The Cognitive Theory Of Depression

CT rests on a theoretical model of human functioning that has been elaborated over the years. This model is based on a Realist epistemology (Dobson & Dozois, 2001; Held, 1995), which asserts that reality exists independent of human experience. At the same time, the model holds that humans are "natural scientists" and seek to make sense of the world and their experiences, through the development of broad, organizational cognitive constructs. The constructs were typically defined as "core beliefs" or "underlying assumptions" in early descriptions of CT, but over the years the term "schema" (Kovacs & Beck, 1978) has come to predominate in the literature. Regardless of the specific term, the general concept imparted is that all individuals, through a combination of forces (personal experience, parenting, peer relations, media messages, popular culture), develop global, enduring representations of themselves, people in their world, and the way that the world functions. These cognitive representations may be accurate or distorted, but for individuals who eventually become depressed, they are characteristically negative. The relationship between negative thinking and depression has been generally supported in research (cf. Clark, Beck, & Alford, 1999), even though there continues to be a discussion about whether or not depressed persons are more "realistic" than nondepressed persons, and that the nondepressed part of the population perhaps distorts perceptions in an unduly positive direction (Ackermann & DeRubeis, 1991; Dobson & Franche, 1989). Negative representations often establish expectations for the self, or the self in relation to others in the world, that increase the risk of depressive ways of thinking and behaving.

The cognitive model is often discussed as a diathesis-stress model (Monroe & Simons, 1991; Robins & Block, 1989), reflecting the idea that negative core beliefs, assumptions, or schemas represent diatheses, or vulnerabilities, that then interact with life stress to eventuate in a process leading to depression (see Figure 1.1). There is consistent evidence that depression often is predicted by significant negative life events (Monroe & Simons,

FIGURE 1.1. The cognitive model of depression.

1991). Some of these events are independent of the person's control, such as some interpersonal losses, but others may actually be inadvertently established or maintained by the depressed person him/herself (Davila, Hammen, Burge, Paley, & Daley, 1997; Joiner & Schmidt, 1998). For example, an individual who has developed a core belief of him/herself as a "loser," and as someone who cannot form an intimate relationship, may well avoid social situations or rebuff interpersonal advances. The resulting social isolation then becomes a life event that perpetuates the very negative belief of being an interpersonal "loser" that led to these behaviors in the first instance.

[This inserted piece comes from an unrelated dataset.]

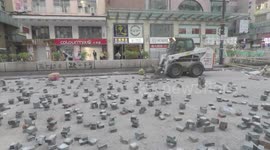 Hong Kong residents clear up roadblocks after night of protests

Regardless of whether the life events that interact with or trigger negative beliefs and assumptions are truly exogenous to the person, or whether in some unwitting way these events are the result of the depressed person's own actions, the cognitive model states that once the diathesis and stress have interacted, characteristically negative thinking emerges. This negative thinking may accurately reflect negative life events, but it is quite common in depression for this thinking to become negatively skewed, and possibly even to be at some variance with the actual events in the world. "Cognitive distortions," as they are called (Beck et al., 1979; J. S. Beck, 1995), can take a number of specific forms, including magnification of problems, minimization of success, jumping to conclusions, mind reading, black-and-white or absolutistic thinking, and labeling, among others. These distortion processes in turn lead to negative thinking in specific situations, or what may be termed "automatic thoughts." The term "automatic" refers to this thinking, because it is typified by reflexive and unquestioned appraisals based on the core beliefs that prompted them. Also, because negative thinking is congruent with depressed mood, these thought patterns are often seen as "reasonable" by the depressed person.

The cognitive model of depression further asserts that the negative automatic thoughts, or interpretations of situations, lead to specific feelings and behaviors. For example, the thought that one cannot take any positive action to solve problems leads to feelings of helplessness and a lack of action. The perception that one's problems will never improve can lead to feelings of hopelessness and escapist behaviors, including suicide. Finally, the model asserts that once a person starts to feel depressed, there is a feedback process, such that negative affect increases the probability of further negative thinking, and also reinforces negative beliefs and schemas. Feedback also occurs because depressive behaviors, such as avoidance and withdrawal, tend to increase the prospect of negative events through processes such as social isolation or social rejection (Coyne, 1976; Joiner, 2000).

The cognitive model of depression helps to explain why the typical complaints of depressed patients relate to their emotional experience and inability to cope with life's demands, because the emotional and behavioral aspects of depression are in some respects the "end" of the process of depression. The role of the cognitive therapist is to translate the problems of the patient who comes to treatment into a case formulation that explains the core beliefs or schemas that have interacted with life events to eventuate in the process leading to depression (Persons, 1989; Persons & Davidson, 2001; see also Whisman & Weinstock, Chapter 2, this volume). This case formulation then becomes the basis for deciding on strategic targets of change, with the goal of solving problems and reducing depression. Choosing which problems to address first in therapy is a matter of clinical experience and skill, but the case conceptualization guides this process.